401k – employees who participate in 401K plans have their employers contribute a percentage of their salaries into a retirement account. Employers may match a percentage of the employee’s contribution (e.g., the employee deposits 6% of their salary and the employer adds another 3%)
401k rollover – withdrawing money out of a retirement plan and depositing the funds into a traditional IRA or another qualified retirement plan.
Bonds (Debt Securities) – investors who purchase bonds are making a loan to the issuer. Bondholders receive or earn interest from the issuer.
Cash Value (Surrender Value) – The amount of money that an insurance company will return to the policyholder upon cancellation of the insurance policy before death. In addition, policyholders may borrow a portion of the cash value for a loan.
Commercial paper – unsecured debt securities issued by a corporation or bank to finance short-term credit needs. Maturities typically range from 2 to 270 days,
Diversification – spreading investments to different companies and/or different industries. Diversification helps to minimize business or sector risk.
Estate account – an account managed for the beneficiaries of an estate
Face Value (Death Benefit) – The money left behind for the beneficiary in the event of a policyholder’s death.
Fixed annuities – retirement plans issued by insurance companies that provide a fixed payout to the holder.
Government security – securities that are issued by the U.S. Government (T-bills, T-notes, T-bonds and GNMA)
Hedge fund – a fund that uses leverage (purchasing on margin), options, short sales and other speculative investment strategies. Hedge funds usually protect investors in bearish markets
Individual retirement accounts (IRAs) – tax-deferred retirement accounts set up by individual investors. The maximum contribution is $4,000 per year or 100% of earned income, whichever is less.
Money Market – a type of mutual find that invests in short term debt securities.
Mutual funds – a type of investment company that is a continuous offering of new shares. Investors buy the shares through the issuer and redeem the shares through the issuer. Mutual funds are not traded between investors.
National Association of Securities Dealers (NASDAQ) – regulator of the OTC market that regulates all brokerage firms and employees.
New York Stock Exchange (NYSE) – the largest and oldest securities exchange in the United States established in 1792. The NYSE is an auction market where buyers and sellers get together to bid and offer securities.
Non-qualified retirement plans – retirement plans where contributions are made from after tax dollars. The first money withdraw is taxed (money earned from investment). The last money withdraw is not taxed. The plans are taxed on a LIFO basis.
Prime rate – the interest rate that banks charge their customers (usual corporations) for loans.

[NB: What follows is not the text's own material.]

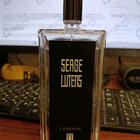 Отзывы Serge Lutens L'orpheline
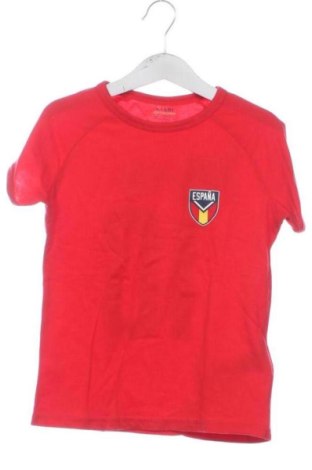 Tricou pentru copii Kiabi, Mărime 5-6y/ 116-122 cm, Culoare Roșu, Preț 48,82 Lei, #137397701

Qualified retirement plans – plans where money is contributed from pre-tax dollars. All money withdrawn is fully taxed.
Roth IRA – retirement account set up by individual investors. Contributions to Roth IRA’s are made from after-tax dollars. Withdrawals made from IRAs are tax-free.
Securities and Exchange Commission (SEC) – the federal agency that administers the U.S. securities laws. The SEC was created under the Securities Exchange Act of 1934.
Security – an investment in a business or government with third party management with an expectation of profit.
Separate Account – an account created by an insurance company which is segregated from the general funds maintained by the company. Separate accounts are used for variable annuities and variable life polices where the investors choose the investments.
Stock – a security that represents ownership or equity of a company.
Term life insurance – insurance that has a death benefit, but no cash value.
Treasury Bill (T-bill) – short term debt securities backed by the U.S. Government with 1, 3, or 6 month maturity. A T-bill does not have coupon rate.
Treasury Bond (T-bond) – a long term debt securities backed by the U.S. Government. T-bonds are issued with 10-30 year maturities.
Treasury Note (T-note) – a long term debt securities backed by the U.S. Government. T-notes are issued with maturities of 1-10 years.
Universal Life Insurance – a life insurance policy where policyholders may vary the amount of premiums paid and the timing of the payments.
Variable Annuity – a retirement plan issued by insurance company where payouts vary based on the performance of the separate account.
Variable Life Insurance – life insurance that provides a separate account that allows policyholders to choose investments. Variable Universal
Variable Universal Life Insurance – a type of life insurance policy that has characteristics of variable life insurance policies and universal life insurance policies.
Whole Life – life insurance that provides cash value with fixed premiums payments and fixed death benefits.